Furthermore, determining the fluid flow system of a convergent continental margin is a key to understanding the spatial and temporal variations of geological processes associated with the subduction system (e.g., Hensen et al. 2004; Klaucke et al. 2008; Ranero et al. 2008). For this, it is important to identify the origin of gas to decide if seeps can be used as a window into deep-seated processes, and whether subduction zone mechanisms can be derived from the study of seep sites (Hensen et al. 2004). Combining geochemical information and seismic reflection images is an effective way to investigate the nature of gas migration beneath the seafloor (e.g., Brooks et al. 2000).

Gas migration is often accompanied by anomalous high-amplitude reflections, as well as by acoustic blanking or turbidity of the seismic signal. Columnar zones of seismic blanking and turbidity, referred to as chimneys or pipes, are caused by absorption and scattering of acoustic energy by gas-charged sediments (Gay et al. 2007; Løseth et al. 2009; Cartwright and Santamarina 2015). Highly focused and energetic fluid flow can lead to suppressed reflectivity, as migrating fluids physically destroy the stratified fabric of the sediments through which they migrate (Wood and Gettrust 2001; Gorman et al. 2002). High-amplitude anomalies can occur, for example, when gas is present in the sediments, reducing the seismic velocity and increasing the impedance contrast to the adjacent sediments (Løseth et al. 2009), or they may result from a strong acoustic impedance contrast by hydrocarbon-related diagenetic zones (O’Brien and Woods 1995).

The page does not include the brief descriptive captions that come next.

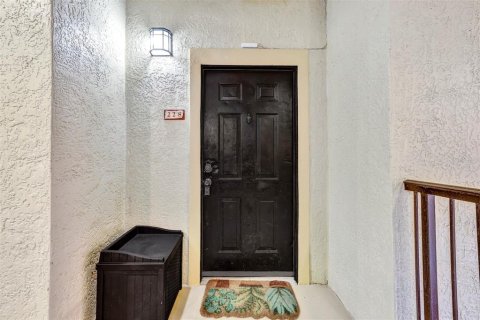 Condo in Lake Mary, Florida, 2 bedrooms  № 2390939 - photo 2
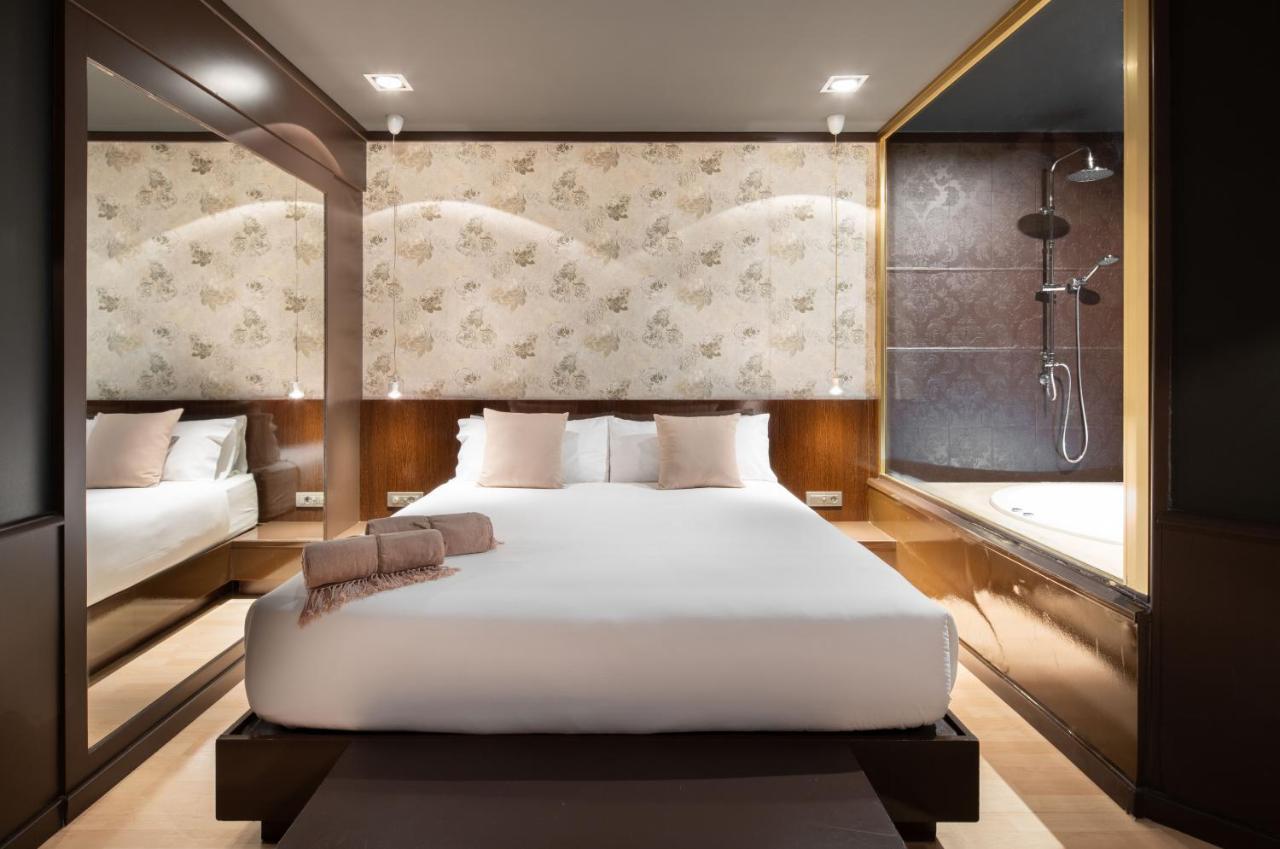 Hotel Punt 14 กาวา ภายนอก รูปภาพ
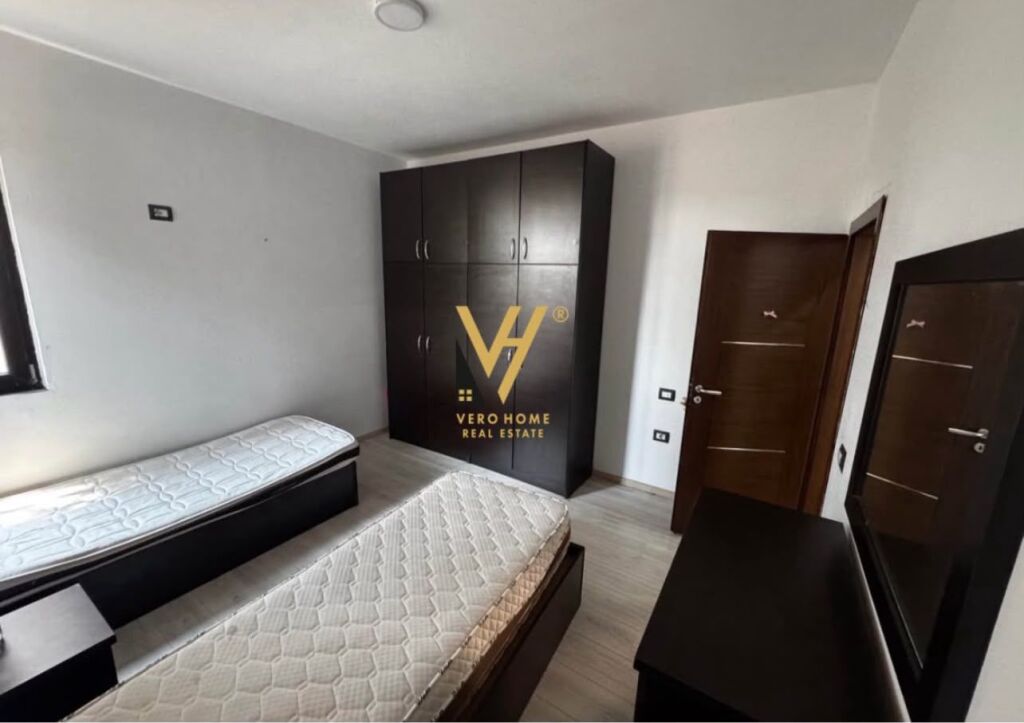 Apartament 2+1 me qera në Vilat Gjermane, Tiranë, 105 m². Foto 3 nga 3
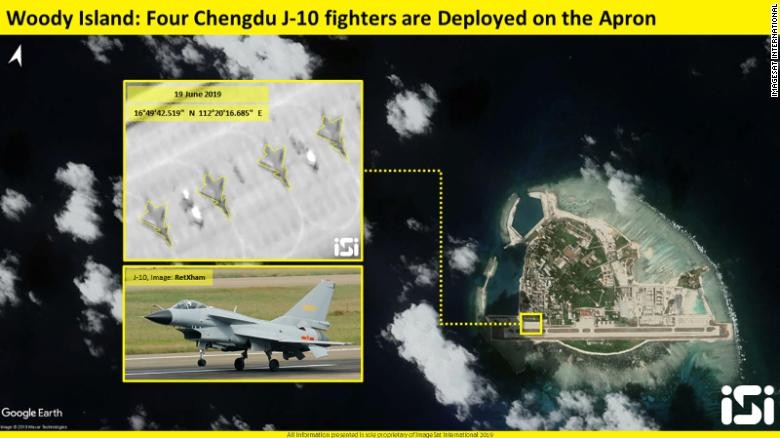 Ảnh vệ tinh mà CNN đăng tải cho thấy có ít nhất 4 chiến đấu cơ J-10 của Trung Quốc đậu trên đảo Phú Lâm (Ảnh: CNN)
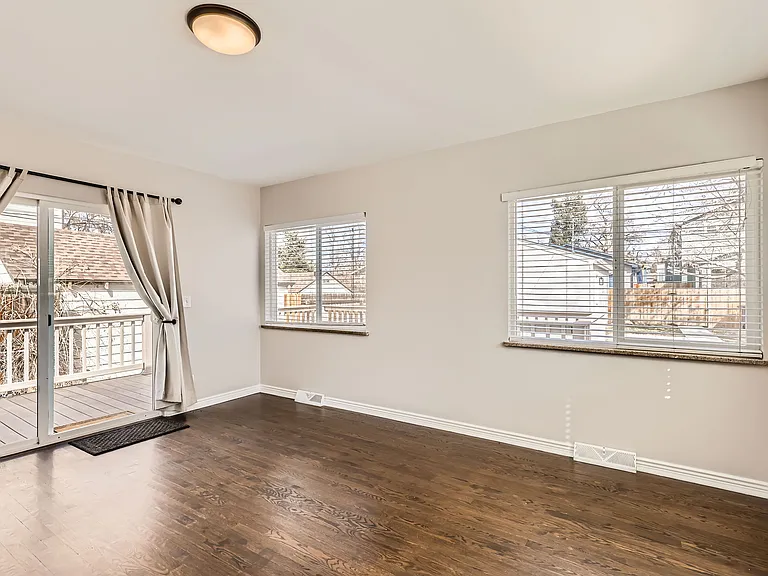 2210 S Clarkson St — Photo 14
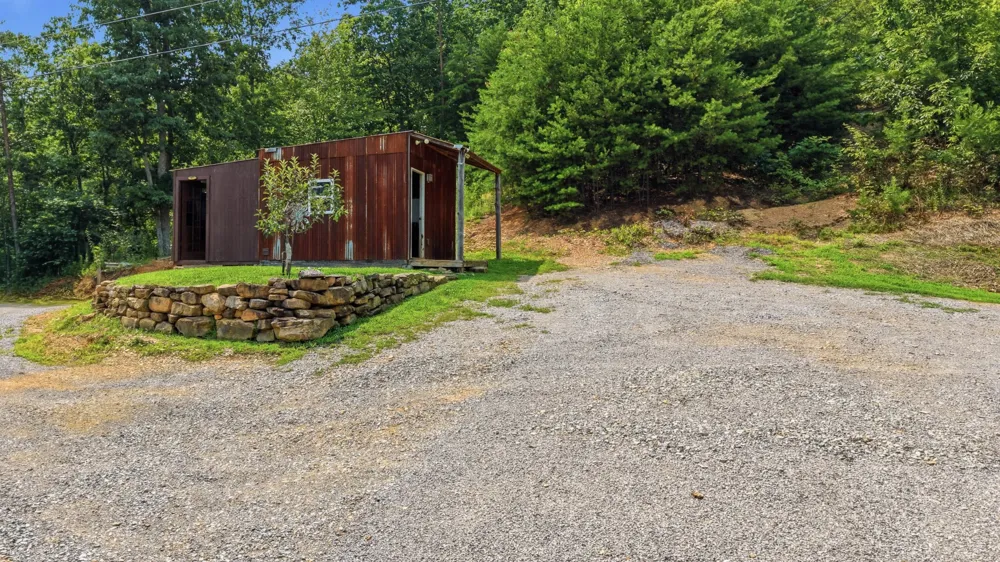 260 Riddle St Dayton, TN 37321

Fluid flow toward seep sites in marine sediments often has to penetrate and migrate through the gas hydrate stability zone (GHSZ). The specific seismic anomalies at the base and within the GHSZ provide useful information on the processes involved in transporting fluids through the hydrate stability zone. The most widespread and easily recognized gas hydrate-related reflection in marine sediments is the bottom simulating reflection (BSR), a high-amplitude reflection with a negative impedance contrast. The BSR marks the base of the GHSZ, as partially gas hydrate saturated sediments overlie sediments containing free gas (Holbrook et al. 1996). Variations in the appearance of the BSR can indicate disturbances in the hydrate system for example, gas chimneys penetrating the base of gas hydrate stability (BGHS), shoaling of the BSR due to locally increased heat flow, or gas migration along sedimentary layering that transects the BSR (e.g., Pecher et al. 2010; Crutchley et al. 2014).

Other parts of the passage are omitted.